* ASSIGNED TASK *
Every record below should be retyped exactly, and no picture should appear in the copy.

--- GIVEN DATA Enclosed Below ---

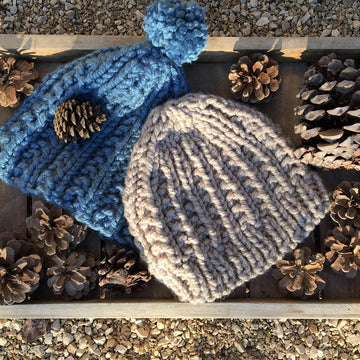 Winter Blue Beanies - 2 Patterns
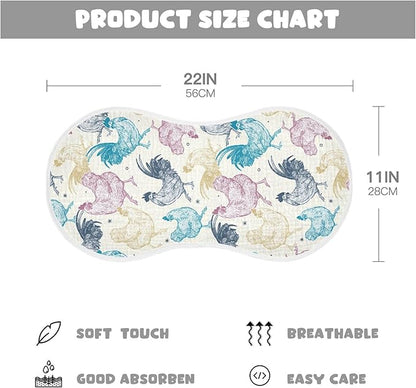 vvfelixl Baby Burp Cloths Chicken Collection Baby Newborn Cotton Burping Cloths Set Baby Washcloths 4 Pack Beige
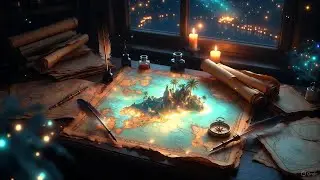 The MAPMAKER Who Traveled in His DREAMS | Fantasy Sleep Story | Cozy ASMR for Deep Rest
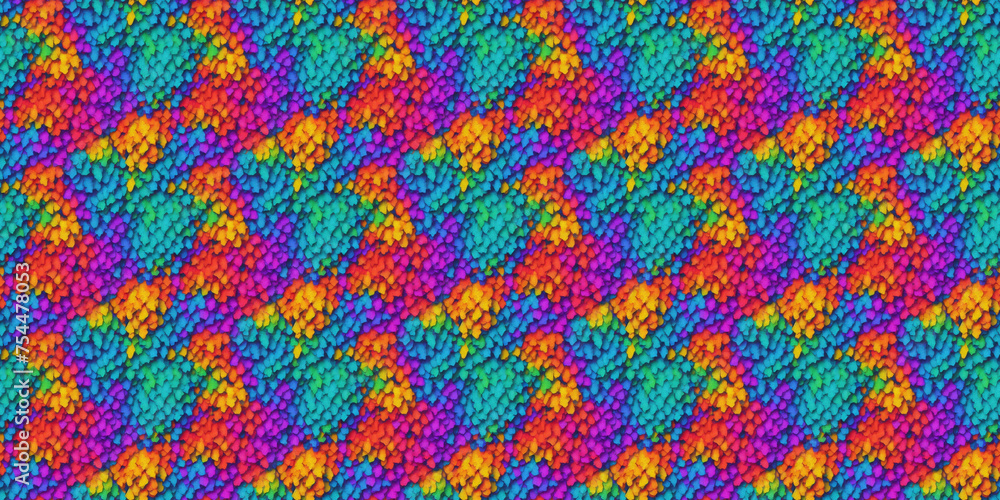 Vibrant Colorful Pattern in Computer Generated Image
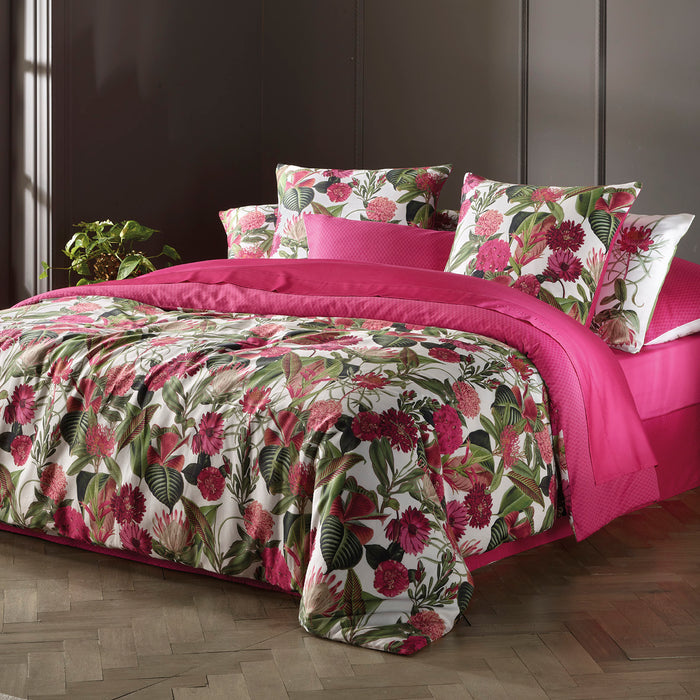 cxl by christian lacroix Housse de couette satin de coton - Garden fuchsia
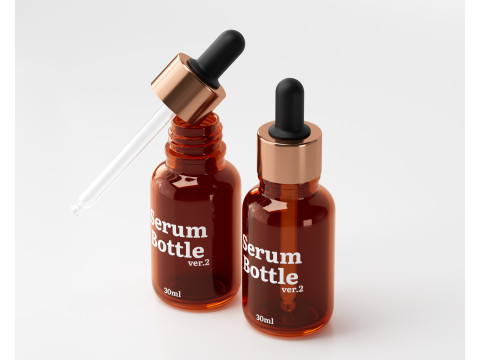 Serum bottle v2 30ml 3D मॉडल
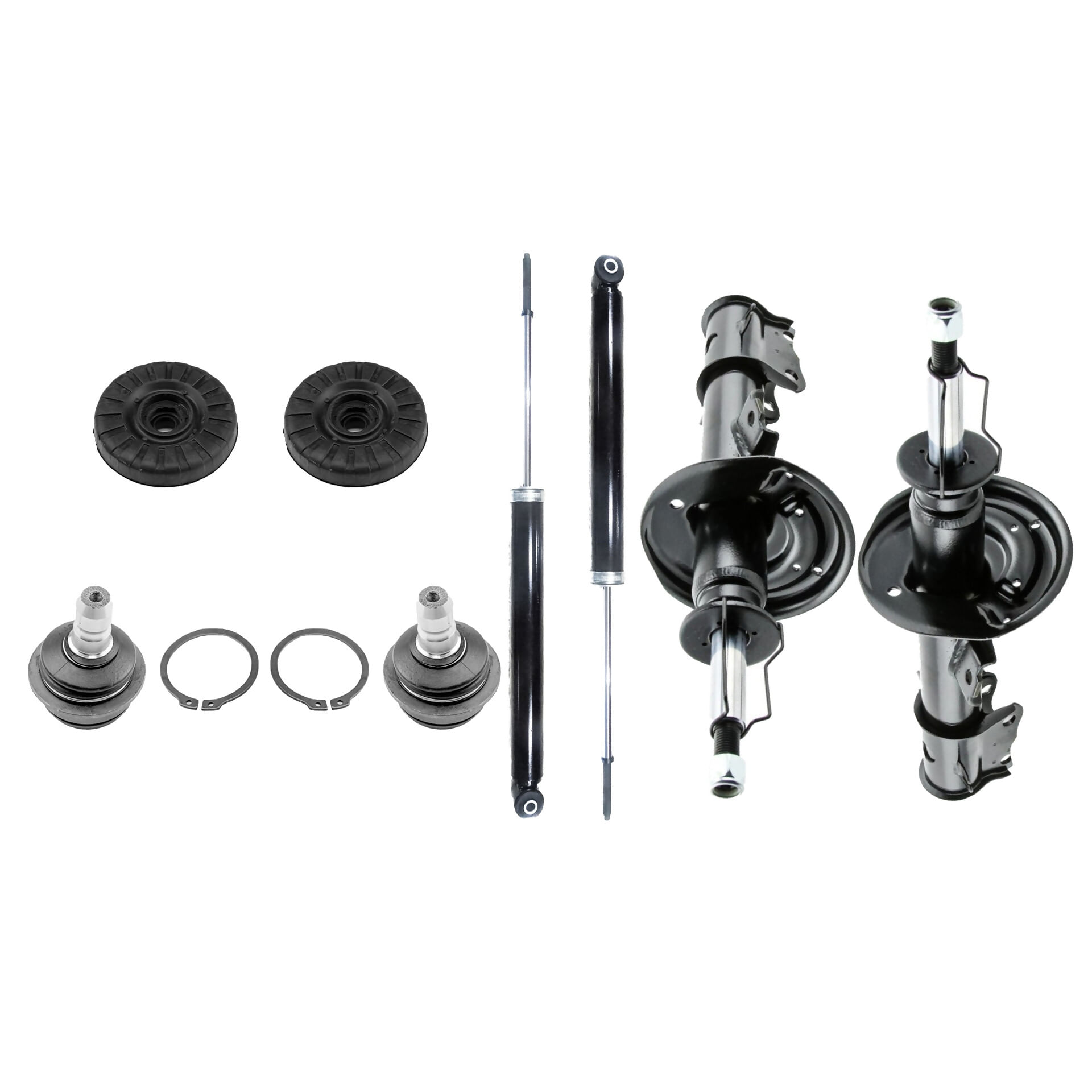 Kit De Amortiguadores, Rótulas Y Bases (8 Piezas)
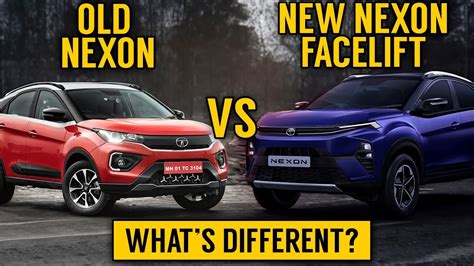 Nexon Facelift 2023 Vs Old Nexon Whats New In Nexon Facelift Tata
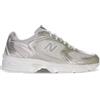 New Balance 530 Gold Metallic Linen Donna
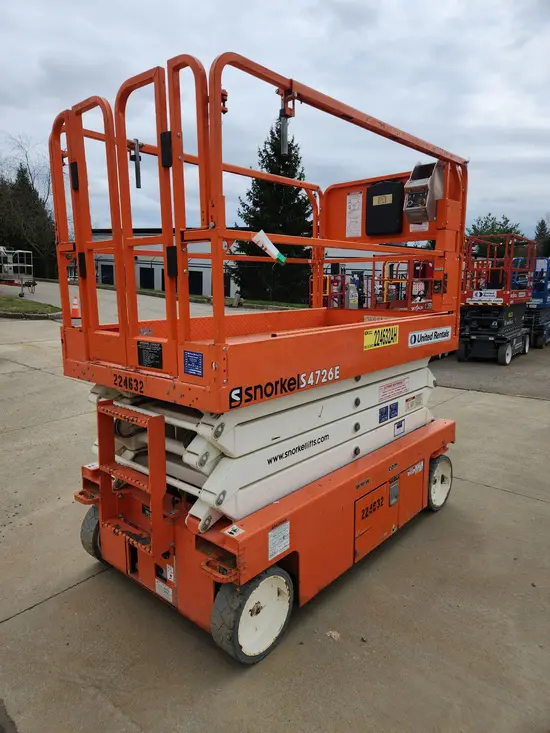 2019 Snorkel S4726E Scissor Lift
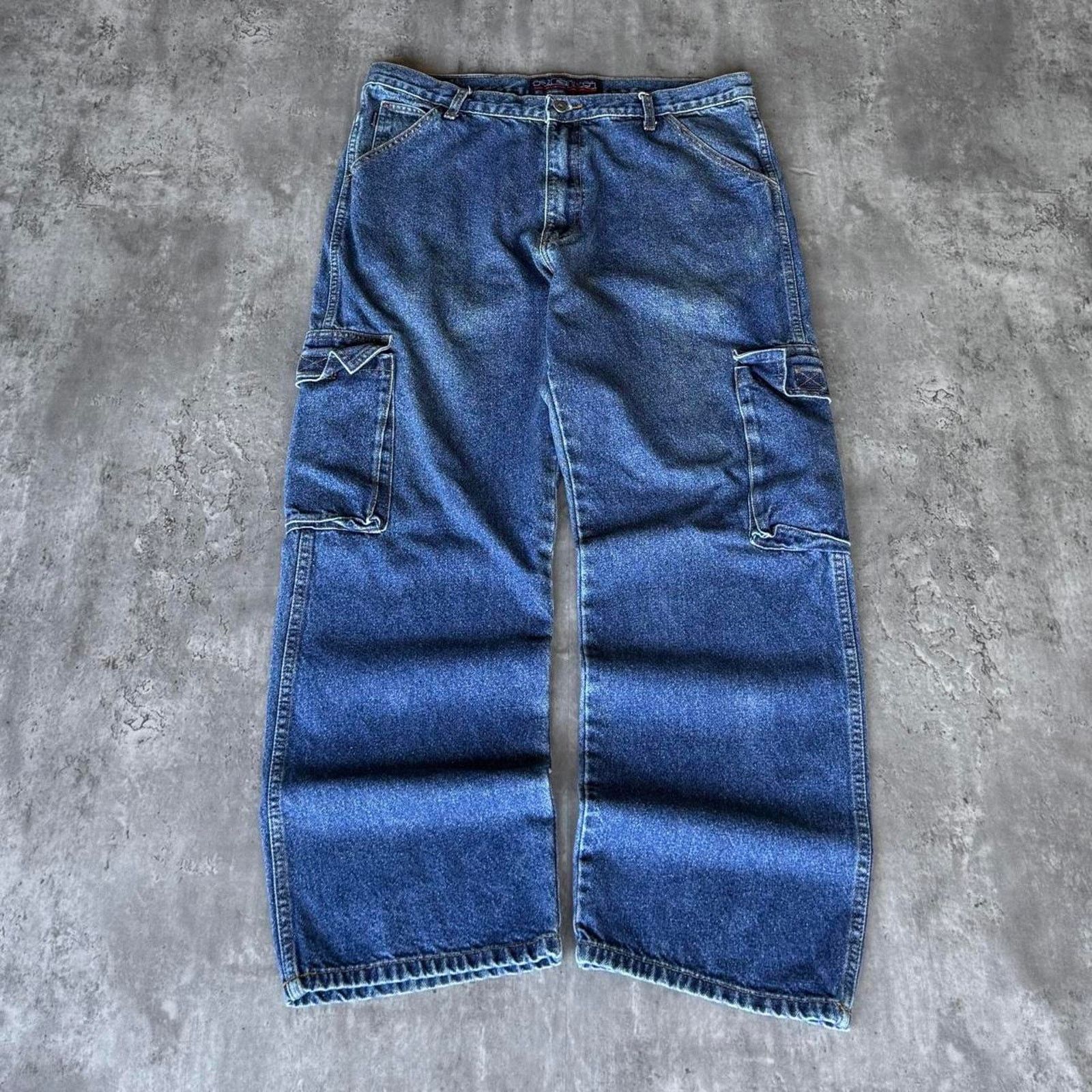 JNCO × Japanese Brand × Vintage Vintage Y2K JNCO Style Baggy Cargo Skater Grunge Opium Jeans Size US 36 / EU 52 - 2 Thumbnail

--- End of Enclosed GIVEN DATA ---

* OUTPUT *
 Winter Blue Beanies - 2 Patterns
 vvfelixl Baby Burp Cloths Chicken Collection Baby Newborn Cotton Burping Cloths Set Baby Washcloths 4 Pack Beige
 The MAPMAKER Who Traveled in His DREAMS | Fantasy Sleep Story | Cozy ASMR for Deep Rest
 Vibrant Colorful Pattern in Computer Generated Image
 cxl by christian lacroix Housse de couette satin de coton - Garden fuchsia
 Serum bottle v2 30ml 3D मॉडल
 Kit De Amortiguadores, Rótulas Y Bases (8 Piezas)
 Nexon Facelift 2023 Vs Old Nexon Whats New In Nexon Facelift Tata
 New Balance 530 Gold Metallic Linen Donna
 2019 Snorkel S4726E Scissor Lift
 JNCO × Japanese Brand × Vintage Vintage Y2K JNCO Style Baggy Cargo Skater Grunge Opium Jeans Size US 36 / EU 52 - 2 Thumbnail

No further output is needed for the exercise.